For more info about fs-metadata workload, pls. read through README file
under stress/tools/fs-metadata/.
3.3 page-types
page-types is a tool to query the page type of every memory page in the
system. We use it to filter out pages with required page types. Test will
inject error to these pages via error injector, although the page filter
of HWPosion handler in Linux Kernel will filter them out for a second
time. Note, the reason we need to use page-types to do first time filtering
is just about performance.
To install page-types on your test machine:
# cd $KERNEL_SRC/Documentation/vm/
# gcc -o page-types page-types.c
# cp page-types /usr/bin/
3.4 ltp-pan
It's the workload controller of this stress test suite. In fact, ltp-pan
is the test harness of LTP (Linux Test Project), and is included in
LTP package. For more information, please refer to ltp-pan document of LTP.
4. Usage Guide
--------------
This section is trying to show you how to conduct the stress testing thru
various test interfaces.
As an example, we choose to run stress testing based on partition /dev/sda1
for 1 hour. Note, we've installed LTP to /ltp.
4.1 Stress Test thru Madvise Syscall.
To run this stress testing, you need to strictly follow below test
instructions.
* Test instructions:
- make sure following kernel options are enabled:
CONFIG_X86_MCE=y
CONFIG_MEMORY_FAILURE=y
- build and run stress testing
# make
# ./hwpoison.sh -d $YOUR_PARTITION -M -o $YOUR_LTP_DIR
* Example:
- launch testing
# ./hwpoison.sh -d /dev/sda1 -M -t 3600
- general test results
result: result/hwpoison.result
logs: result/hwpoison.log
- detailed workload results
result: log/page-poisoning/page-poisoning.result
log: log/page-poisoning/page-poisoning.log
4.2 Stress Test thru HWPosion Page Injector
This is the default test method of this stress test suite.
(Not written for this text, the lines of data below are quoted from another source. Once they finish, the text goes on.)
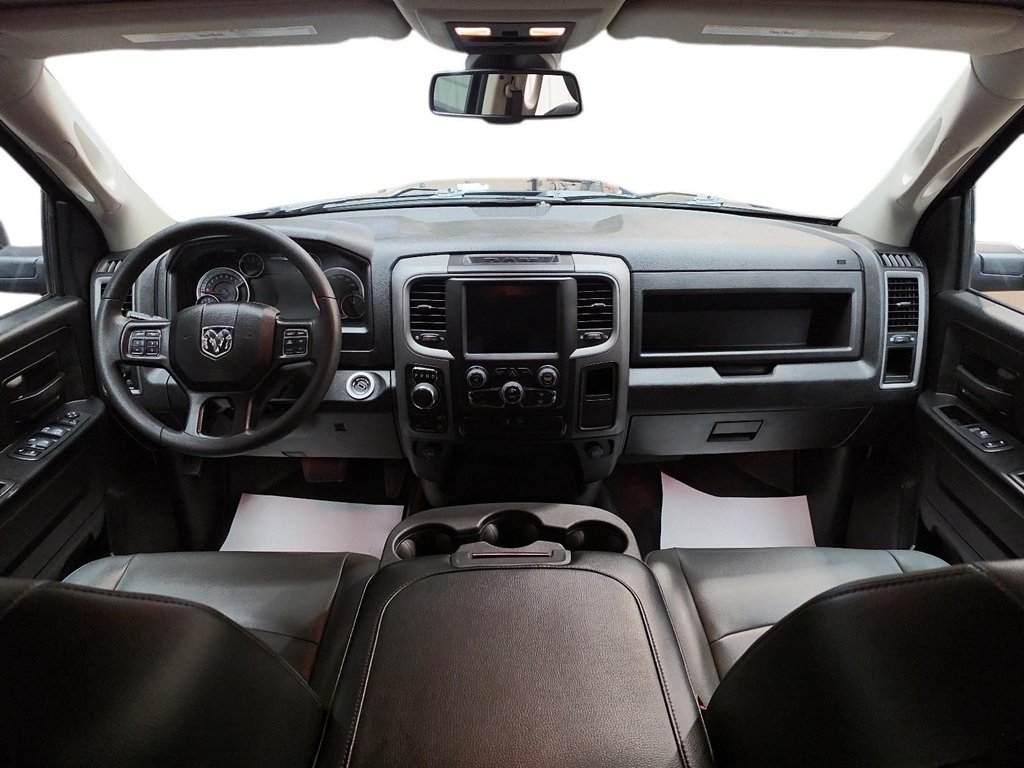 Ram 1500 Classic  2023 à Jonquière, Québec - 10 - w1024h768px
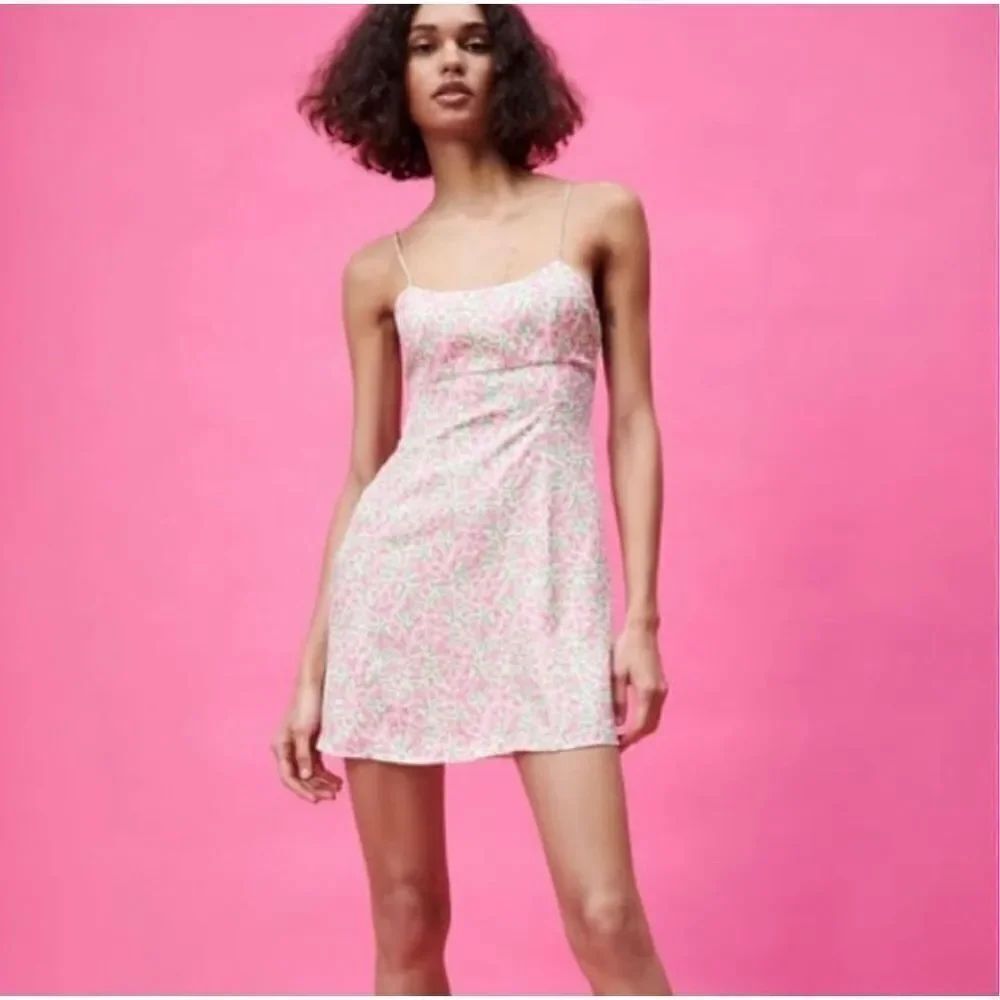 ✨Zara Pink Floral Mini Dress✨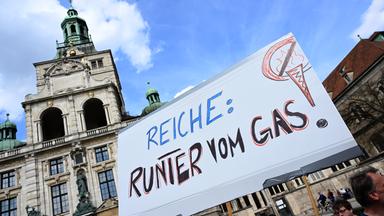 Bundesweit protestieren Bürger, weil Politik Batteriespeicher ignoriert und Gaskraftwerke priorisiert. Droht das Scheitern der Klimaziele?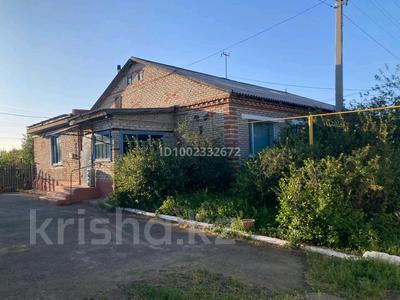 Часть дома · 3 комнаты · 90 м² · 10 сот., 11 мкр 40/1 — Напротив 11мкр, 12 дома за 23 млн 〒 в Житикаре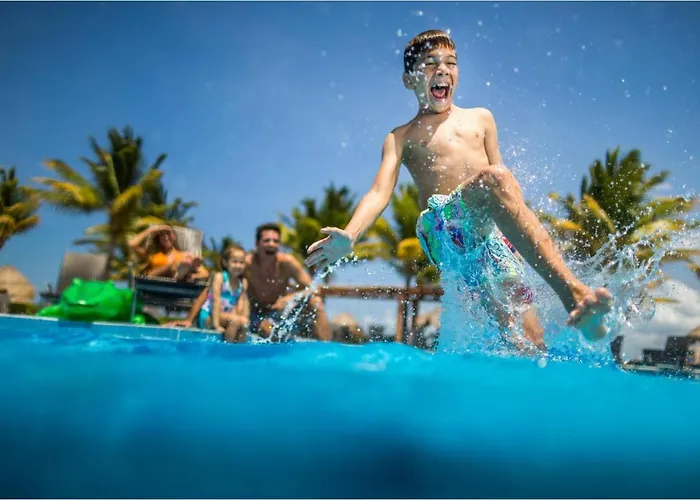 Bluebay Grand Esmeralda 5*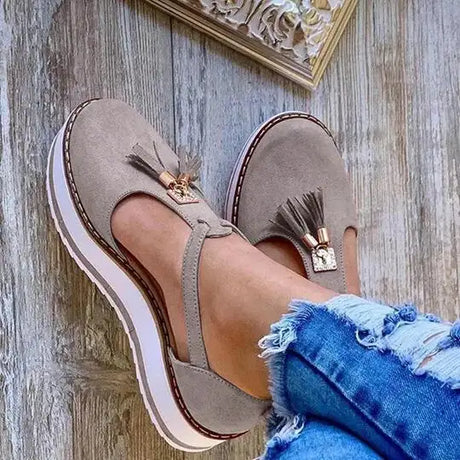 Women Flat Shoes Thick Sole Platform Shoes - Lootquake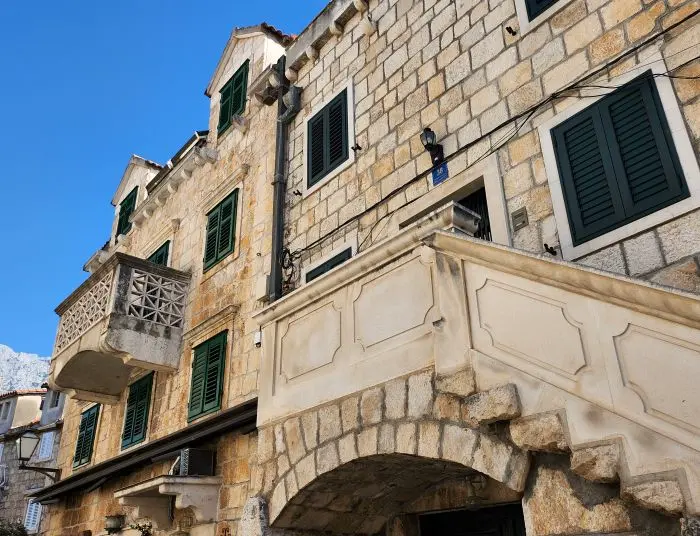 kroatisch-mediterrane Hausfassade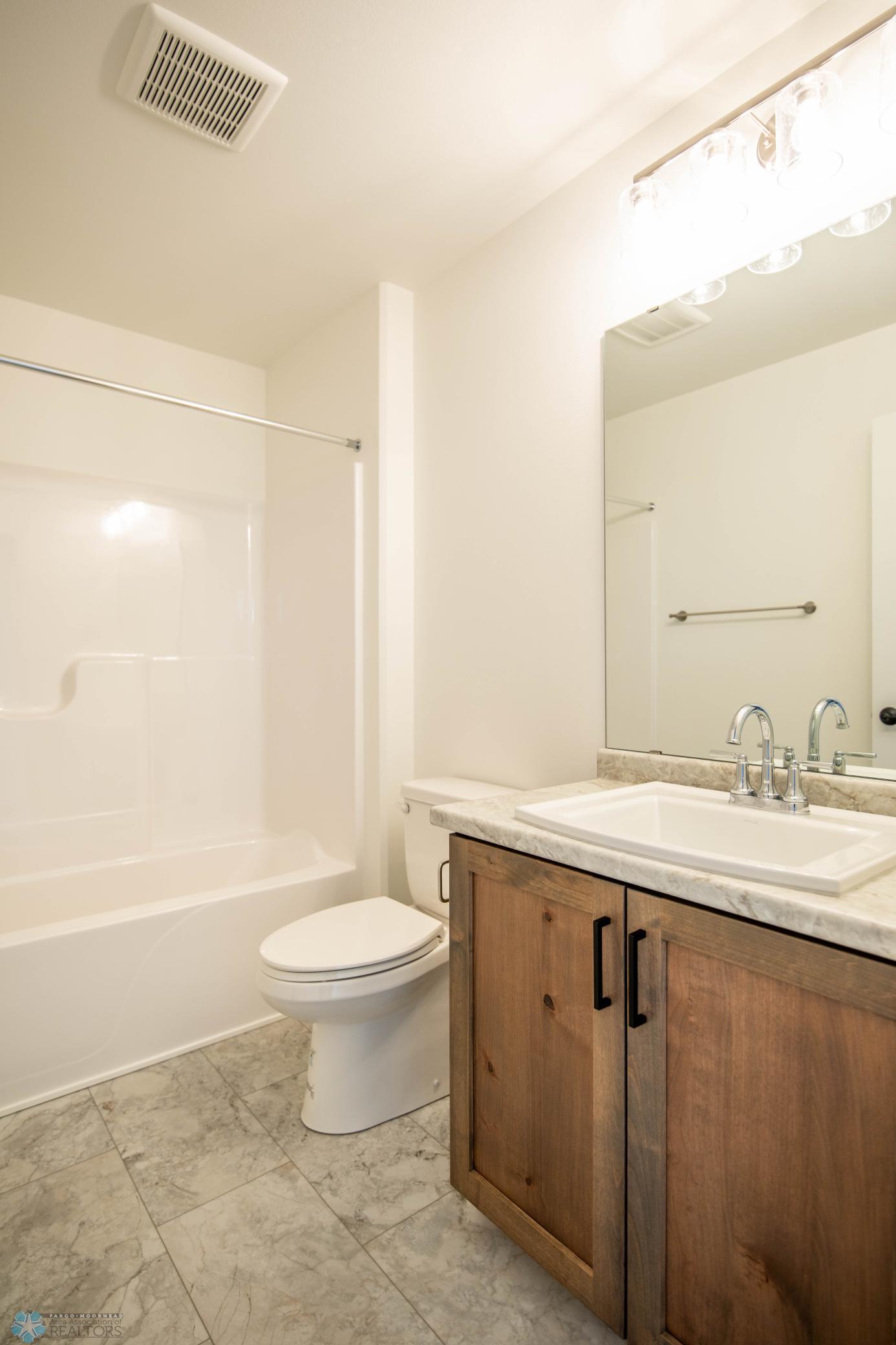 West Fargo, North Dakota 58078, United States, 3 Bedrooms Bedrooms, ,3 BathroomsBathrooms,Residential,Pending,52637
To run this stress testing, you need to strictly follow below test
instructions.
* Test instructions:
- make sure following kernel options are enabled:
CONFIG_X86_MCE=y
CONFIG_MEMORY_FAILURE=y
CONFIG_DEBUG_KERNEL=y
CONFIG_CGROUP_MEM_RES_CTLR_SWAP=y
CONFIG_HWPOISON_INJECT=y
- build and run stress testing
# make
# ./hwpoison.sh -d $YOUR_PARTITION -o $YOUR_LTP_DIR -L
* Example:
- launch testing
# ./hwpoison.sh -d /dev/sda1 -t 3600 -L
- general test results
result: result/hwpoison.result
logs: result/hwpoison.log
- detailed workload results
fs-metadata result: log/fs-metadata/fs-metadata.result
fs-metadata log: log/fs-metadata/fs-metadata.log
ltp result: log/ltp/ltp.result
ltp log: log/ltp/ltp.log
fs-specific result: log/fs-specific/fs-specific.result
fs-specific log: log/fs-specific/fs-specific.log
4.3 Stress Test thru APEI Injector
To run this stress testing, you need to follow below test instructions.
* Test instructions:
- make sure following kernel options are enabled:
CONFIG_X86_MCE=y
CONFIG_X86_MCE_INTEL=y
CONFIG_MEMORY_FAILURE=y
CONFIG_ACPI_APEI=y
CONFIG_ACPI_APEI_EINJ=y
- build and run stress testing
# make
# ./hwpoison.sh -d $YOUR_PARTITION -o $YOUR_LTP_DIR -L -A
* Example:
- launch testing
# ./hwpoison.sh -d /dev/sda1 -t 3600 -L -A
- general test results
result: result/hwpoison.result
logs: result/hwpoison.log
- detailed workload results
fs-metadata result: log/fs-metadata/fs-metadata.result
fs-metadata log: log/fs-metadata/fs-metadata.log
ltp result: log/ltp/ltp.result
ltp log: log/ltp/ltp.log
fs-specific result: log/fs-specific/fs-specific.result
fs-specific log: log/fs-specific/fs-specific.log
5. FAQs
-------
Here is a collection of frequently asked questions:
Q: How to tell test driver not to format my disk partition?
A: Use the option '-N'.
Q: Can three types of tests run on same sytem simultaneously?
A: No. There are limitations in Linux Kernel HWPoison page filtering.
Q: Can I run this stress testing on multiple disks parallely?
A: Yes. But it requires updated Kernel patches for HWPosion page filtering.
Now, it just supports one same test with same pagetype flags specified.